Modeling probability of occupancy
After simulating the data, we need to estimate the probability of the feature occurring in the unsurveyed sites. This is important for calculating the potential benefits of surveying sites, because if we can reliably predict the probability of the feature(s) occurring in unsurveyed sites using models, then we may not need to conduct any additional surveys. Specifically, we will fit gradient boosted regression trees – via the xgboost R package. These models are well-suited for modeling species distributions because they can accommodate high order interactions among different predictor variables that are needed to effectively model species’ environmental niches, even in the case of limited data. Furthermore, they can incorporate knowledge of the sensitivity and specificity of previous surveys during model fitting (using weights).
# create list of candidate parameter values for calibration procedure
xgb_parameters <- list(eta = 0.1, lambda = 0.1, objective = "binary:logistic")
# identify suitable parameters for model fitting
# ideally we would try a larger range of values (i.e. not just a single value of 0.1),
# but we will keep it low to reduce processing time for this example
xgb_results <- fit_xgb_occupancy_models(
site_data, feature_data,
c("f1"), c("n1"), c("e1", "e2", "e3"),
"survey_sensitivity", "survey_specificity",
n_folds = c(2), xgb_tuning_parameters = xgb_parameters)
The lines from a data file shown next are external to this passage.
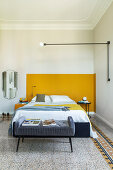 Upholstered bedroom bench and double bed in front of yellow wall in bedroom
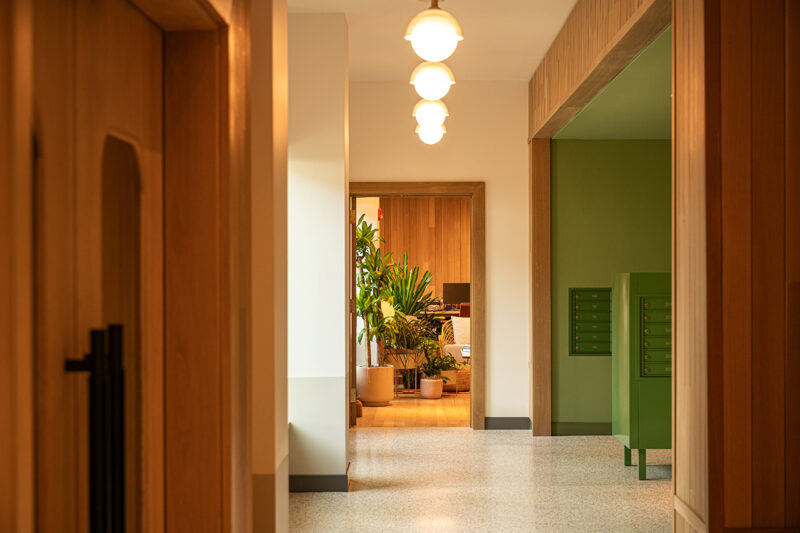 A hallway at Fishtown Urby, with wooden doors, green mailboxes, and hanging lights, leads to a room filled with potted plants and wooden furniture.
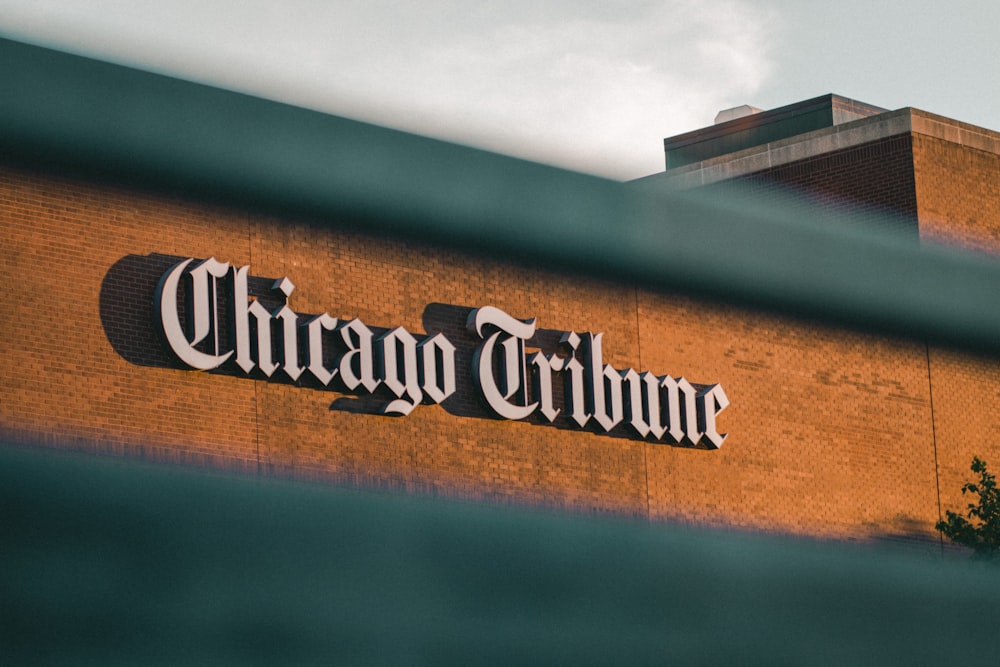 the chicago tribune sign on a brick building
After fitting the models, we can examine the tuning parameters used to fit the models, extract the modeled probability of occupancy, and evaluate the performance of the models.
# print best parameters
print(xgb_results$parameters)
## [[1]]
## [[1]]$eta
## [1] 0.1
##
## [[1]]$lambda
## [1] 0.1
##
## [[1]]$objective
## [1] "binary:logistic"
##
## [[1]]$scale_pos_weight
## [[1]]$scale_pos_weight[[1]]
## [1] 1 1
# print model performance (TSS value)
xgb_performance <- xgb_results$performance
print(data.frame(xgb_performance))
## feature train_tss_mean train_tss_std train_sensitivity_mean
## 1 f1 1 0 1
## train_sensitivity_std train_specificity_mean train_specificity_std
## 1 0 1 0
## test_tss_mean test_tss_std test_sensitivity_mean test_sensitivity_std
## 1 0.7194687 0.2261671 0.9396965 0.08528208
## test_specificity_mean test_specificity_std
## 1 0.7797722 0.3114492
# store the model sensitivities and specificities in the feature_data object
feature_data$model_sensitivity <- xgb_performance$test_sensitivity_mean
feature_data$model_specificity <- xgb_performance$test_specificity_mean
# store predicted probabilities in the site_data object
xgb_predictions <- xgb_results$predictions
print(xgb_predictions)
## # A tibble: 30 × 1
## f1
## <dbl>
## 1 0.565847
## 2 0.410422
## 3 0.410541
## 4 0.452530
## 5 0.565847
## 6 0.410422
## 7 0.565847
## 8 0.565847
## 9 0.452463
## 10 0.565847
## # ℹ 20 more rows
site_data$p1 <- xgb_predictions$f1
# plot site-level estimated occupancy probabilities
site_data %>%
select(starts_with("p")) %>%
gather(name, value, -geometry) %>%
ggplot() +
geom_sf(aes(color = value)) +
facet_wrap(~name) +
scale_color_viridis() +
labs(title = "Modeled probabilities", x = "X coordinate", y = "Y coordinate")
Expected value given current information
After simulating and modeling the data, we will now examine the
expected value of the decision given current information. This
value represents the conservation value of a near-optimal prioritization
given current information, whilst accounting for uncertainty in the
presence (and absence) of the conservation feature in each site.
Specifically, “current information” refers to our existing survey data
and our occupancy models. Next, we will set a total budget
(i.e. total_budget
). This total budget represents the total
amount of resources available for surveying sites and managing them for
conservation. It will be set at 10% of the total site management
costs.
# calculate total budget for surveying and managing sites
total_budget <- sum(site_data$management_cost) * 0.1
# print total budget
print(total_budget)
## [1] 7498.9
Given the total budget, we can now calculate the expected value of the decision given current information.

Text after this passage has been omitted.